Bremarlyn had little to distinguish it except that it contained the regional revenue office of the Imperial Government. My father was a solicitor in the service of the Crown, and he served as the local tax prosecutor of a government and a world that has passed into history.
My thoughts, scattered as they are, will be included in the sealed section of the Archives, while I still retain the power to ensure both their inclusion and the sealing of the records. Some things are best lost, but vanity being what it is, I have settled for censorship over oblivion. Anyone who does unlock the seals will, I trust, also read the factual supplements and data before coming to a final judgment on my follies.
Consecrated to the Temple as Sammis Arloff Olon, I still go by Sammis, although some persist in trying to distinguish me by using my original surname. That too shall pass, at least in another dozen millennia. Time flows more slowly these days, now that Query has left the seasons of the single-night moth and entered the long afternoon of the Immortals.
Why did it happen? How?
No one can answer the first question. As for the second, for me, it began with a dream.
In the dream I stood above four roads. There were no vehicles, no power wagons, no silent steamers, no gliding electrovans, just four roads.
One was gold, cold as the dark between stars.
One was black, and the heat rose from it as from the Grand Highway in summer.
One was red and smelled like memories.
And the last was blue, bright blue like tomorrow’s dawn.
Despite the dream of these roads, then I had no special love of travel, nor do I yet. Everything I needed was in Bremarlyn—from the creek where I built dams to see how high I could raise the water behind my assembly of stones and sand to the fields where we played centreslot. No, I cannot say I had close friends, but we all played together most of the time, and, when we did not play, we fought.
In my first dream of the crossroads, I merely stood there paralyzed and unable to set foot on any road. Fear did not prevent me from taking
that step. I could not move. Nor could I speak nor sigh. So I watched the four roads, somehow suspended above them, as each disappeared into its colored distance.
The four were not a crossroads exactly, and in the distance that was not distance, each split and splintered into hundreds of different directions, until each created its own horizon—blue, red, black, and gold. Yet all directions were the same, and every road went in all directions.
Wherever I was, watching the roads, it was cold, bonechilling cold.
Then, abruptly, as I wished to return to my bed and its comfort, I was there, sprawled on cold quilts. Cold quilts, as if I had not been sleeping there during my dream.
Feeling exhausted, though I had done nothing in my dream but watch, I slept … deeply. And I did not dream. Not then.
While I seldom remembered most of my dreams, the four roads remained with me, with their promise of anticipation and memory, heat and chill, long after I had roused myself from my quilts, long after I pulled on my Academy uniform and trudged off to classes.

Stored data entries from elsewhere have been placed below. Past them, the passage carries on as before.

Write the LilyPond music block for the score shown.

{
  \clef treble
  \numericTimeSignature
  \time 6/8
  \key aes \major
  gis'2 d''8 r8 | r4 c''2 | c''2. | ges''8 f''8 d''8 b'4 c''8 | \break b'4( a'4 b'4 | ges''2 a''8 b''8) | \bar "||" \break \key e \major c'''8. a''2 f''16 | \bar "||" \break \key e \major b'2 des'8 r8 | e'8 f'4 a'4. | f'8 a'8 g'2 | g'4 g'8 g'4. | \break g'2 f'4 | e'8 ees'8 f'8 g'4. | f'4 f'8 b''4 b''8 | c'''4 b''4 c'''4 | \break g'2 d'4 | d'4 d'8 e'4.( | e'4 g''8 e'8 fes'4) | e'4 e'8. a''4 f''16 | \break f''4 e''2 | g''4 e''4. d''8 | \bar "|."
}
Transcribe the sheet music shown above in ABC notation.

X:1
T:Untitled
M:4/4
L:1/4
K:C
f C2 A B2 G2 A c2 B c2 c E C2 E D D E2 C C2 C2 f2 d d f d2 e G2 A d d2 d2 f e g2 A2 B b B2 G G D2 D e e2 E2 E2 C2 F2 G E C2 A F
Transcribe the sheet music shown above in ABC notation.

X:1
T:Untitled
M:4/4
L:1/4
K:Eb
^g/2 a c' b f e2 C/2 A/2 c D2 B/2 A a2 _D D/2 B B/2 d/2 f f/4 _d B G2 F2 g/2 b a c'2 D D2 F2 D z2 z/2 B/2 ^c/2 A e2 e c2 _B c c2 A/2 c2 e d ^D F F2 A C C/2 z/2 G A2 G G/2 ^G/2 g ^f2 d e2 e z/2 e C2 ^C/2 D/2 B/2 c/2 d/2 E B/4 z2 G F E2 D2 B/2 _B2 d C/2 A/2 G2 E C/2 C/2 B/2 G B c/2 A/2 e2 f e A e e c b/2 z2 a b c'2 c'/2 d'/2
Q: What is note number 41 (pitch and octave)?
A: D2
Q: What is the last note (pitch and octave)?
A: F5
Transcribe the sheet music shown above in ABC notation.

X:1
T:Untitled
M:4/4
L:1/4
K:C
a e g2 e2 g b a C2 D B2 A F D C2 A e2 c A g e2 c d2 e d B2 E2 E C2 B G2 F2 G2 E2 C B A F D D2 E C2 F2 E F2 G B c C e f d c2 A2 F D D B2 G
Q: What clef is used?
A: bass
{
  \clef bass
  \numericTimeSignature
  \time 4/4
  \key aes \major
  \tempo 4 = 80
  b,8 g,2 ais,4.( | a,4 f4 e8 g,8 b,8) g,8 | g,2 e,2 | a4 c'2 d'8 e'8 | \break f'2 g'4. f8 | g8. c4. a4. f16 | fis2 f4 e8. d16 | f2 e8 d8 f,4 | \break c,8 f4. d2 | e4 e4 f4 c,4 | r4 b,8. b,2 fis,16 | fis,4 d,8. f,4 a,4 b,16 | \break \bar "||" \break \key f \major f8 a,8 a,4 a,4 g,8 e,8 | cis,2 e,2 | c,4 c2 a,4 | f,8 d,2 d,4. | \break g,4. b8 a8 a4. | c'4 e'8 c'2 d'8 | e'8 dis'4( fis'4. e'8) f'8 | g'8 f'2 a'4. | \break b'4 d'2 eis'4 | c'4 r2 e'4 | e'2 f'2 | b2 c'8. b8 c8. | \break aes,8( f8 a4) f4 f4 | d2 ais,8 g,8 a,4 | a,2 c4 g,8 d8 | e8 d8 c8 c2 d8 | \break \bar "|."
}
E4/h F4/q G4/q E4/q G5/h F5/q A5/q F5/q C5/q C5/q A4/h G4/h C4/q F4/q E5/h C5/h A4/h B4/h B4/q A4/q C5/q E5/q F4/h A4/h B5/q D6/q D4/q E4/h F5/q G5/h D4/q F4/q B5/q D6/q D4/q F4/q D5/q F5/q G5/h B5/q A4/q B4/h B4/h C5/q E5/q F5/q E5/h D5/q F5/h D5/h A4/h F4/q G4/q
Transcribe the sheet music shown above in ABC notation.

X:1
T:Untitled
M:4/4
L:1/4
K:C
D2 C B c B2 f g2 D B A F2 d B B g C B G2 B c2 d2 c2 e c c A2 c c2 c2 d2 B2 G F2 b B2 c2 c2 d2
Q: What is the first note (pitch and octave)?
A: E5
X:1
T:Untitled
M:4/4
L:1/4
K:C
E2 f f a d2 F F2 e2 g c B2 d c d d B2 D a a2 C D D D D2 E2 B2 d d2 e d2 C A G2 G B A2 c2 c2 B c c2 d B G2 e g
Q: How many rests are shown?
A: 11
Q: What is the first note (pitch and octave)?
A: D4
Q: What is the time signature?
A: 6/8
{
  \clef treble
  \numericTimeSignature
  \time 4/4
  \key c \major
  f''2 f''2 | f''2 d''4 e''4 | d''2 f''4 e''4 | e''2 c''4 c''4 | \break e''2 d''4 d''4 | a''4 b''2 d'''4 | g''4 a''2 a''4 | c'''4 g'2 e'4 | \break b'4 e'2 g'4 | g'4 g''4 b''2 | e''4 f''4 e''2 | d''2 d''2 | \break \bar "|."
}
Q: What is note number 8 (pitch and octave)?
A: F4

“MALFUNCTION ON SENSOR, alpha three, quad four, red.” The metallic tone of the speaker reverberated through the module.
The monitoring officer’s fingers seemed to meld with the keyboard while she accessed the network controlling the defective sensor. Her eyes widened as the data scripted out on the bluish screen before her. The sensor showed a temperature of 3° absolute positive, barely above absolute zero. On Mithrada, less than 120 million kays from the sun, that was patently impossible, not on a planetary surface so hot that water had never occurred in liquid form.
Shaking her head as if to clear her thoughts, she keyed the reset function.
Bleep.
The remote readings from the sensor on the planet below remained the same, long after the fractional units it took for the reset command to travel to the remote command network on the high plateau of Mithrada’s northern hemisphere.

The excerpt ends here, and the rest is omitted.